The synergy between AI research and neuroscience is fascinating, and becoming more so. Knowledge of how organic brains function is informing our approaches to artificial intelligence, and research into AI is informing our understanding of neuroscience. I think this process will eventually lead to an artificial human brain, but it’s very hard to predict how long this will take.

Meanwhile, we are beginning to see the fruits of AI algorithms that employ neural nets or try to recapitulate organic learning in some way. A team at the University of Texas has published a paper in which they present yet another example of this – teaching an AI to quickly gather visual information about their environment from a few “glimpses.”

Human perception evolved to be fast and efficient, to infer our environment from as little information as possible. The advantage of this is speed – there is obviously an advantage to perceiving something flying at your head, or a predator stalking you, as quickly as possible. Our brains use algorithm to make high probability inference to construct our perception of the environment from tiny slices of information. This process works very well, and most of the time we accurately perceive our environment sufficiently to move around and interact with it.

However, this system is not perfect. It occasionally will make incorrect inferences or assumptions, and reconstruct reality wrong. We experience such occasions as optical illusions (if we ever break the incorrect construction, otherwise we persist in the wrong perception). This happens, for example, when our brains receive insufficient information or ambiguous information. When observing objects in the sky we may lack a reference in order to judge size and distance. Low light conditions may obscure much of what we see. Unusual objects or environments may challenge the algorithms assumptions.

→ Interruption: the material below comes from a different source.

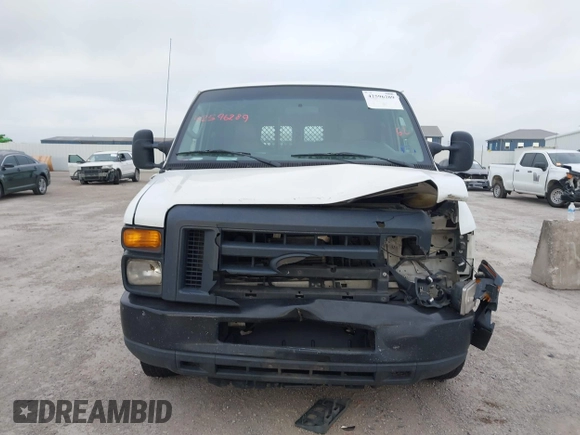 2013 Ford Econoline Cargo Commercial with VIN 1FTNE2EW9DDB02704, listed as a IAAI auction lot 42596289 with 243,629 mi miles and . Bid and sale history available at DreamBid. Image 11.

Evolution has essentially given us a trade-off – we use the limited processing and perception of our brains to quickly construct a picture of reality, accepting that there will be flaws. Likely we evolved an optimal balance between speed and accuracy, within the limits of our brain’s raw power. There is also another element in the mix, attention. We can alter our attention to adjust the balance between speed and accuracy, focusing closely on something and taking the time to analyze it carefully. Or we could be on the alert for anything unexpected, or we might be focusing internally and not paying much attention to the world. Our attention allocates our limited resources as the situation requires.

Computers face many similar challenges. They have limited processing power or communication speed, and programmers are always looking for ways to do more faster with less. I remember the early days of video streaming. It was rough. Then programmers realized they did not have to send every frame of video in its entirety. They only really had to send information on which pixels changed from the previous image. This dramatically increased the smoothness and speed of streaming video, but also created some artifacts (weirdly shifting foregrounds and backgrounds). But as the tech improved, these artifacts disappeared. Throughput also improved, and now video streaming is much better.

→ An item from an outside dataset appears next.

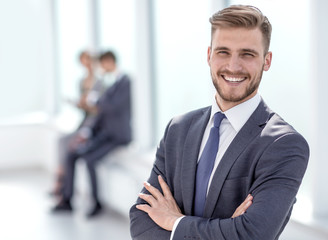 successful businessman on the background of a bright office. - obrazy, fototapety, plakaty
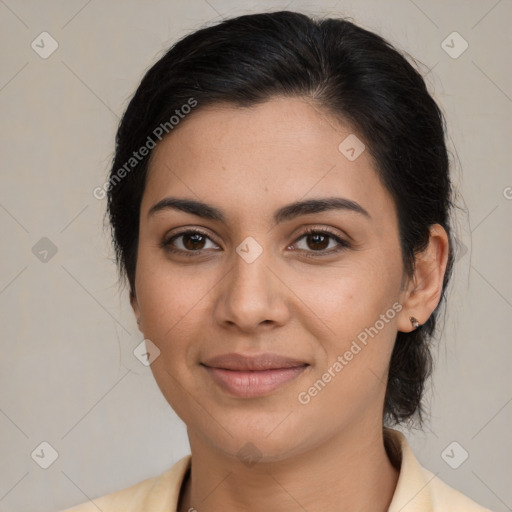 Joyful latino young-adult female with medium  brown hair and brown eyes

In similar fashion, the new study involves an AI algorithm whose purpose is to allow a computer to take snap shots of its environment to quickly infer its entire surroundings. Processing each image takes time, and gathering visual information about a 360 degree environment would be relatively slow. There may be situations, like a search and rescue, in which time is of the essence. So what this AI does is start with training by looking at thousands of images. What it is trying to do is decide what the best next snap shot of its environment would be to most quickly and accurately infer its entire environment. The authors write:

We propose a reinforcement learning solution, where the agent is rewarded for reducing its uncertainty about the unobserved portions of its environment. Specifically, the agent is trained to select a short sequence of glimpses, after which it must infer the appearance of its full environment.

This is similar to the video streaming approach – ignore information that is not of value or is not needed. There is a certain predictability to reality – if you image the bottom of a column, it probably goes all the way up to the ceiling. Walls probably don’t suddenly stop for no reason. Part of a tree is probably connected to a whole tree.

As such algorithms “evolve” (in the technology sense), they will likely optimize the balance of speed and accuracy. I can also imagine that, like the human brain, the algorithm may eventually include a process for adjusting the algorithm itself based on the current situation. If the environment is more chaotic, for example, it may need to slow down and improve accuracy. A demolished building is likely much less predictable than an intact one. The AI may also need to allocate its “attention.” If it sees something of interest (like a wounded victim), it will focus on it, slow down, and gather detailed information.

The really cool thing is that AIs are trying to do the same things that organic brains do, and are facing the same limitations and trade-offs. The solutions that evolution stumbled upon are likely to be useful in the development of AI as well.

One critical difference, however, is that the pace of technological advancement is much faster than evolution. We could not simply evolve a brain with 10 times the processing power quickly (well, we did but it took millions of years). But our AIs will be 10 times faster within a generation. It’s always better to be more efficient than less efficient, but improvement in raw power may obviate the need for some trade-offs. Future AIs may be able to process their entire 360 degree environment in detail so quickly that we don’t have to sacrifice accuracy for speed.

But as we solve issues with using AI to navigate and interact with the real world, to learn and to problem-solve, we are increasingly using and finding solutions similar to the solutions that naturally evolved. It’s a fascinating process, and I think it will lead to a greater and deeper understanding of the nature of intelligence itself.